▶ **AIM OF THE EXERCISE**: Drop the pictures and extract exactly the lines from the one that contains "maison à vendre 4 pièces HOUDAN (78)" through the end of the material.

▶ **EXERCISE DATA**:

----------------

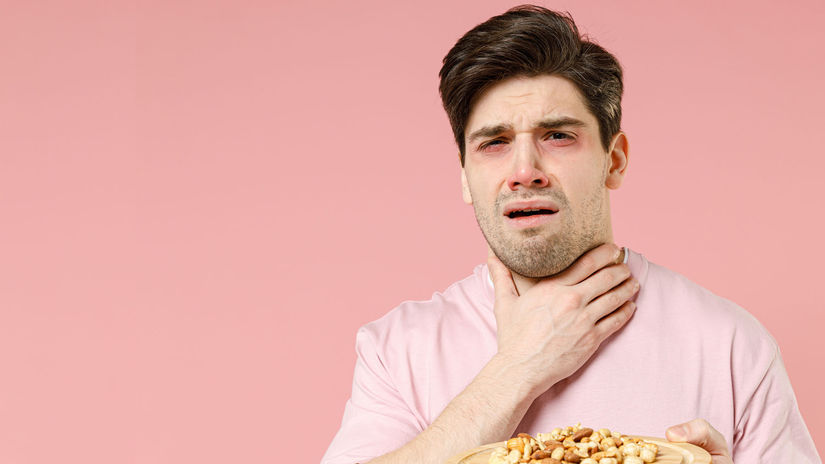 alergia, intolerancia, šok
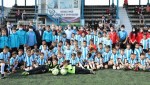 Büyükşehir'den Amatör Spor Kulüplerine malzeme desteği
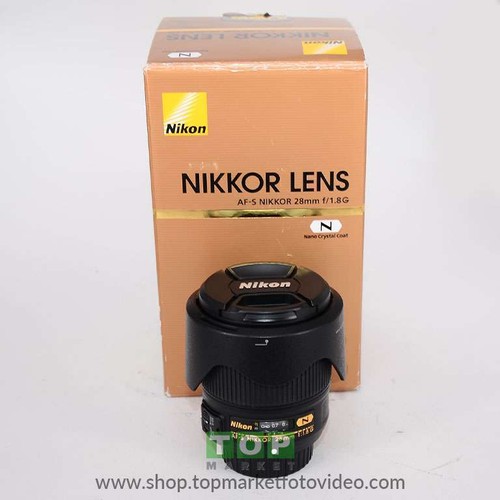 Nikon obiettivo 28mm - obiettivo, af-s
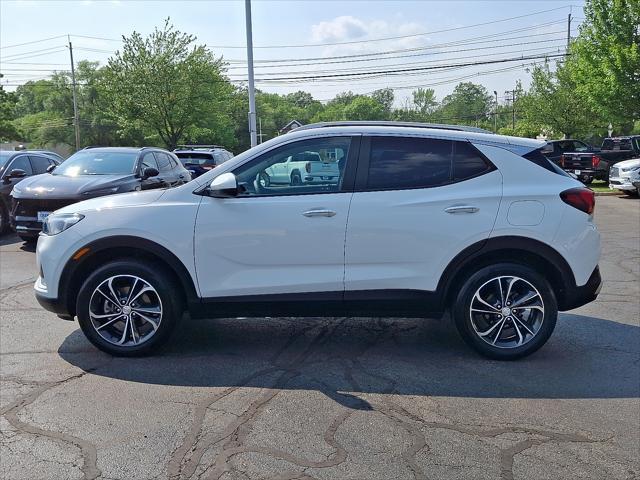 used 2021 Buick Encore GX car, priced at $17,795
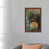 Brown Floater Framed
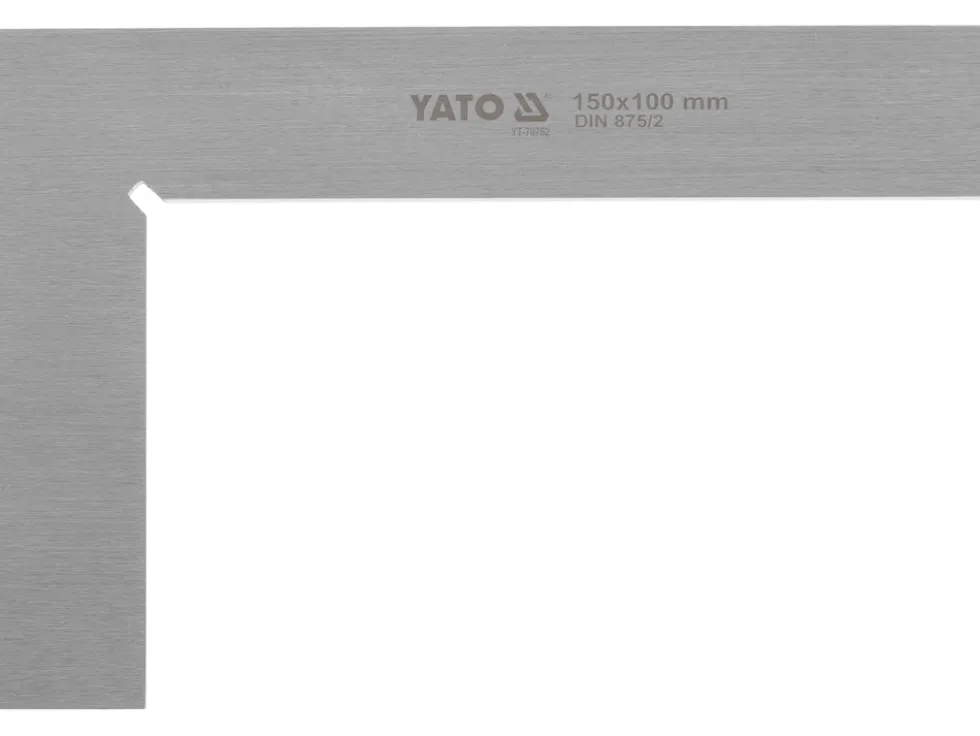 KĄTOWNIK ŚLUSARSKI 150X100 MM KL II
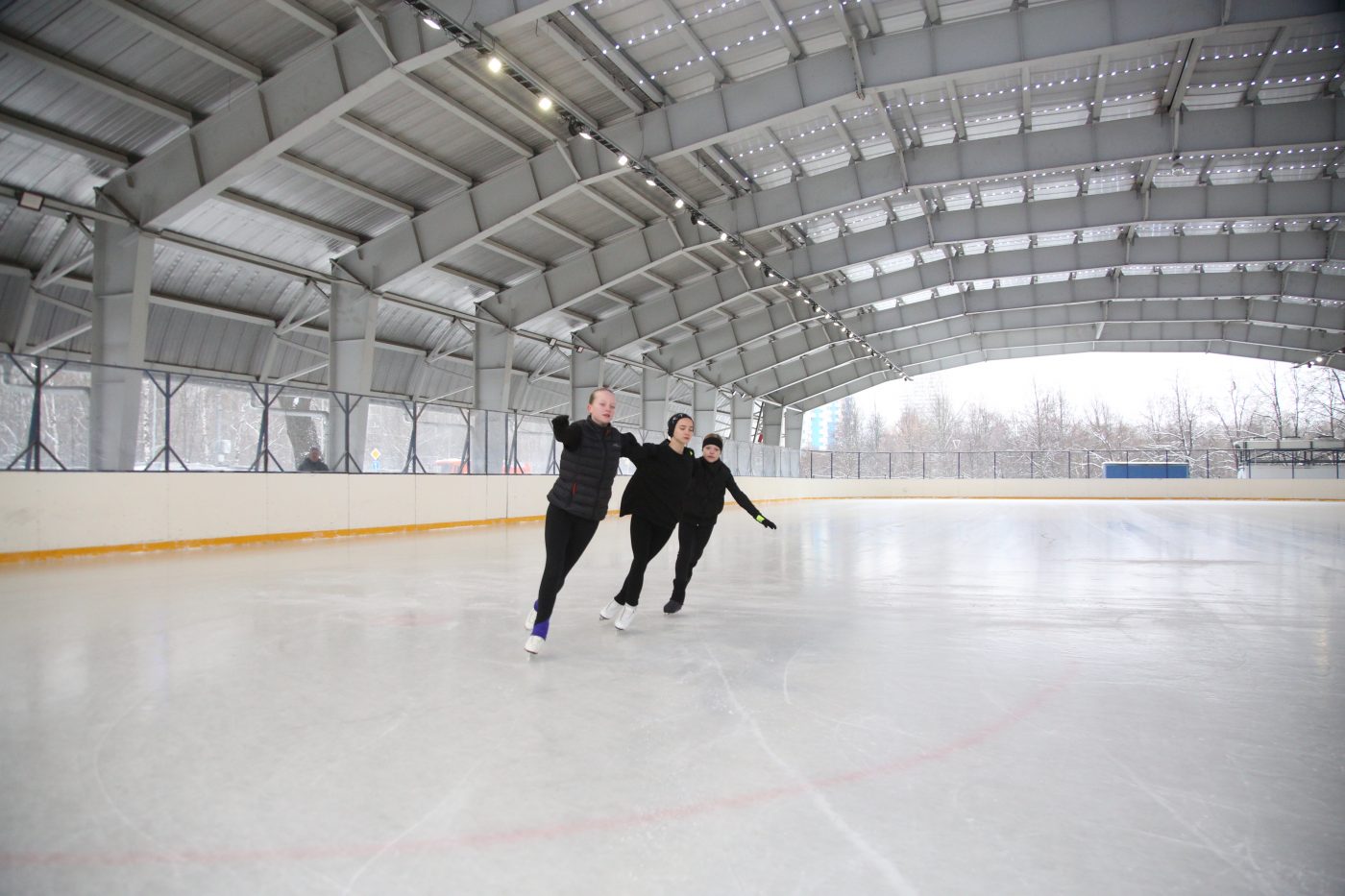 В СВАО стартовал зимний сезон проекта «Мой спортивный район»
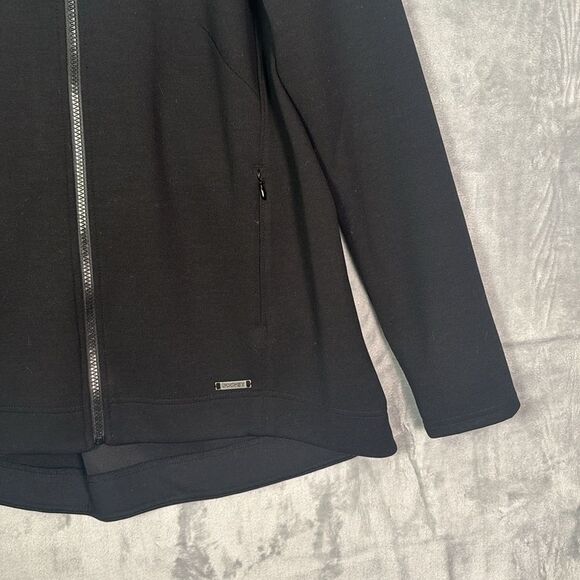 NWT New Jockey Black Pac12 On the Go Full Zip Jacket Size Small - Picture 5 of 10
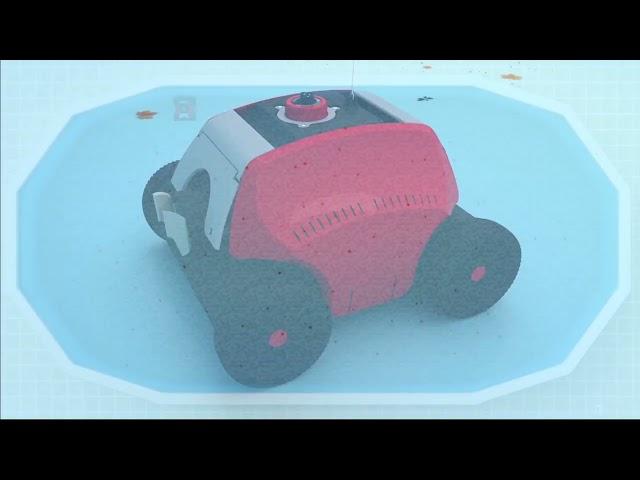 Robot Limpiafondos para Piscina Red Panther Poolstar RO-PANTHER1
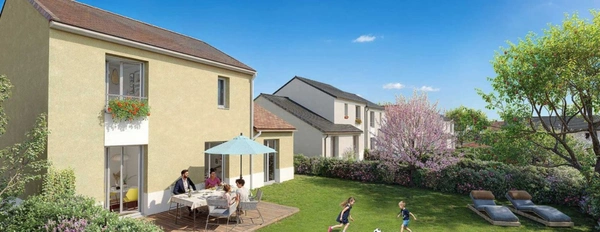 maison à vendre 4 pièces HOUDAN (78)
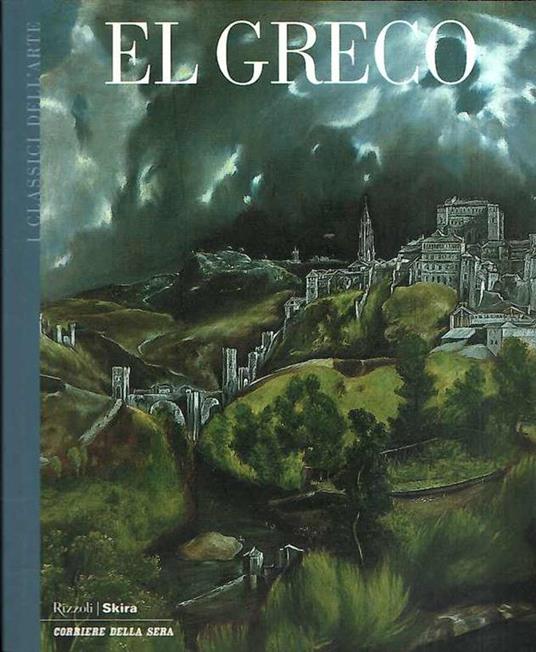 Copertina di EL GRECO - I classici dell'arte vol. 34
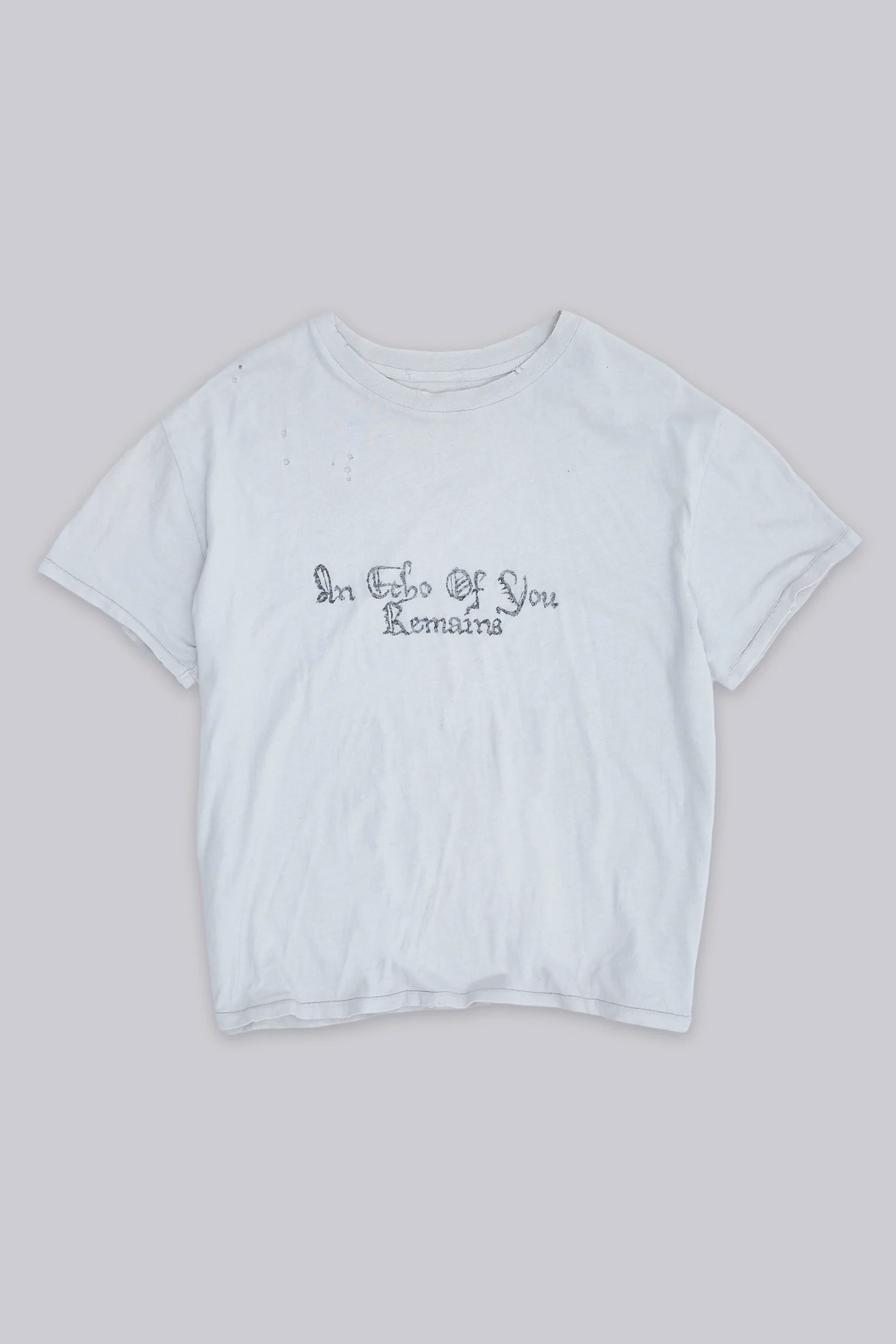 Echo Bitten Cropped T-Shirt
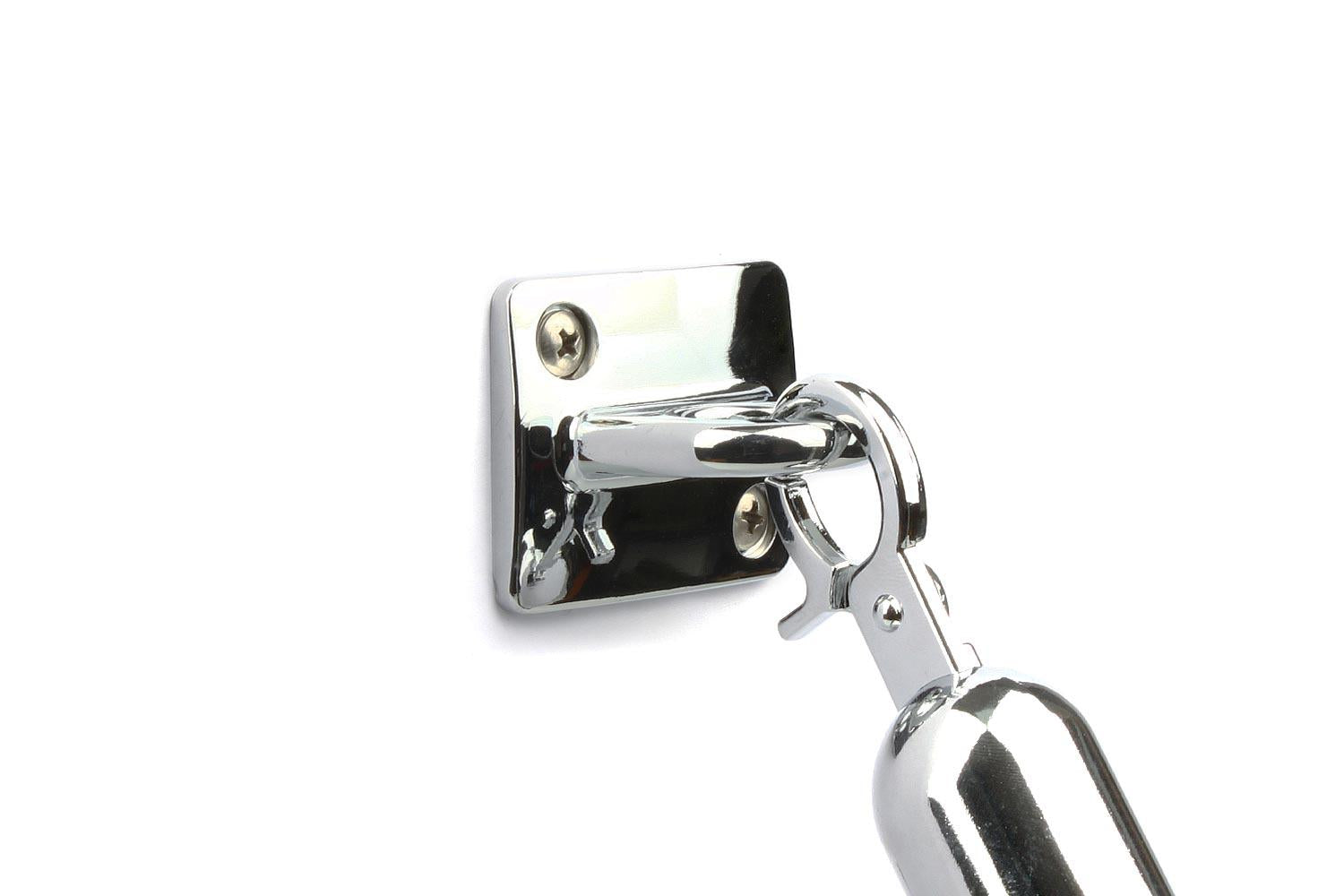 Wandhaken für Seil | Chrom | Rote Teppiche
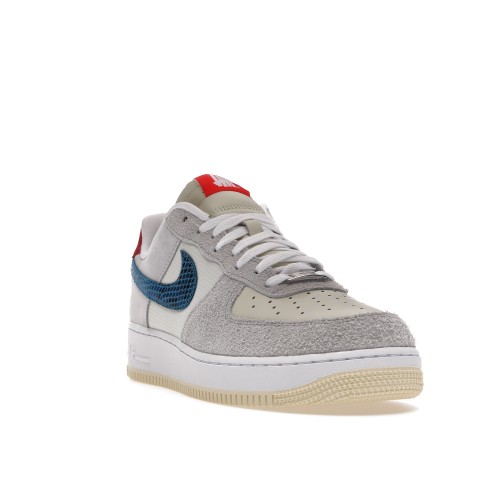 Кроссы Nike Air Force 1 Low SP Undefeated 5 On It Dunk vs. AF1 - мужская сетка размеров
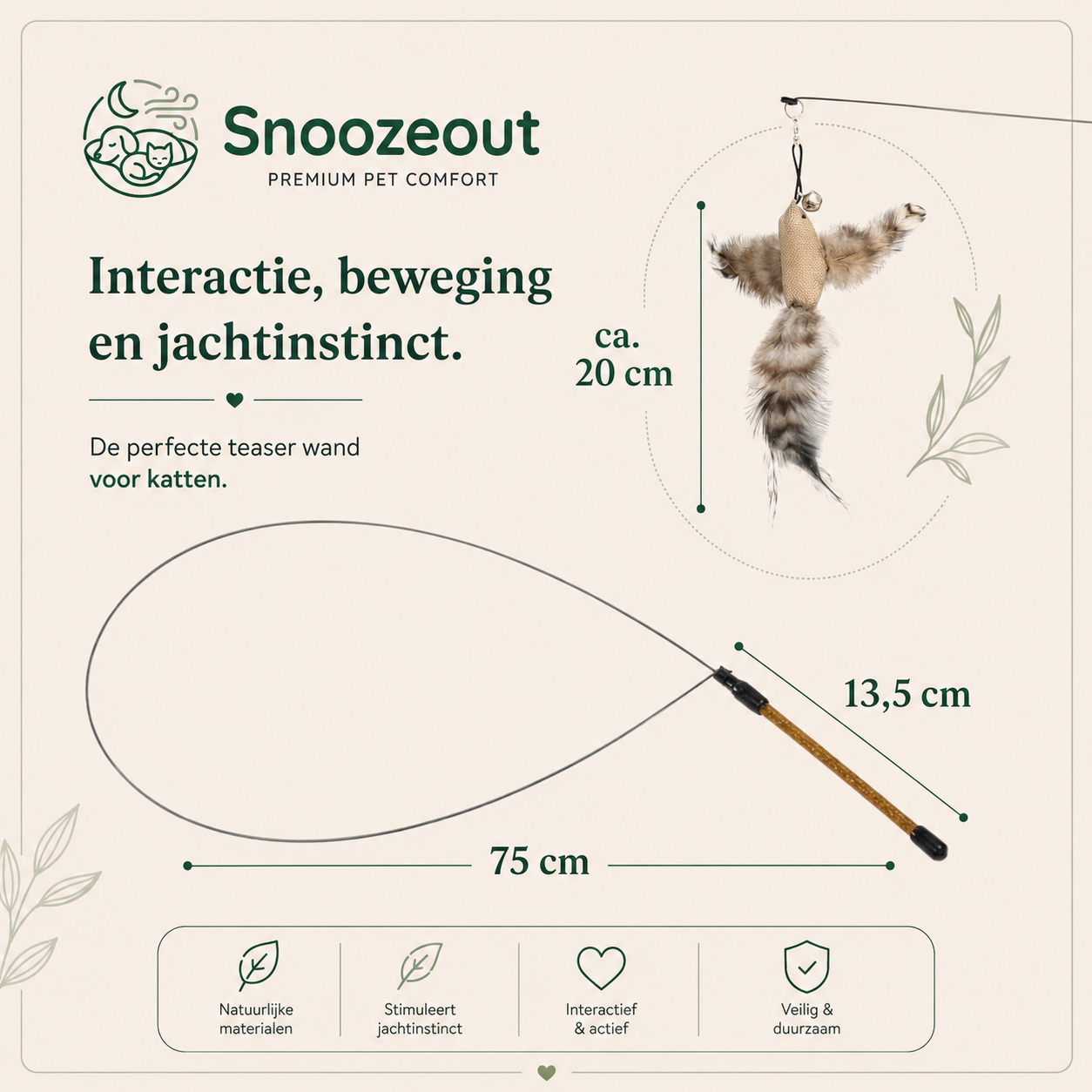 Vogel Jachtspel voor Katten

----------------

▶ **EXPECTED OUTPUT**:
 maison à vendre 4 pièces HOUDAN (78)
 Copertina di EL GRECO - I classici dell'arte vol. 34
 Echo Bitten Cropped T-Shirt
 Wandhaken für Seil | Chrom | Rote Teppiche
 Кроссы Nike Air Force 1 Low SP Undefeated 5 On It Dunk vs. AF1 - мужская сетка размеров
 Vogel Jachtspel voor Katten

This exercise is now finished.